======== Material provided
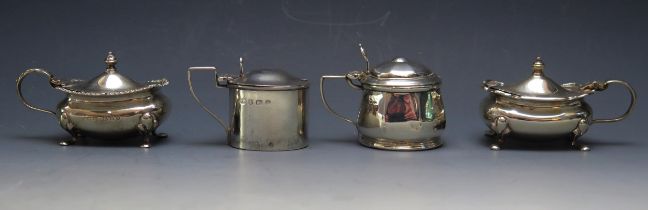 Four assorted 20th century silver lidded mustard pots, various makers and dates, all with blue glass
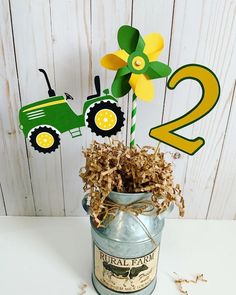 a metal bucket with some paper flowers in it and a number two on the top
================
======== Material provided
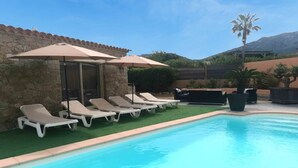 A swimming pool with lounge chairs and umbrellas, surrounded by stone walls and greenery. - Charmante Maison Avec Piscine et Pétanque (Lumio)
================
Work instructions:
Everything from the line with "Four assorted 20th" down to the line with "a metal bucket" in the data above should be copied exactly, with both end lines kept and the pictures left out.

Your solution:
 Four assorted 20th century silver lidded mustard pots, various makers and dates, all with blue glass
 a metal bucket with some paper flowers in it and a number two on the top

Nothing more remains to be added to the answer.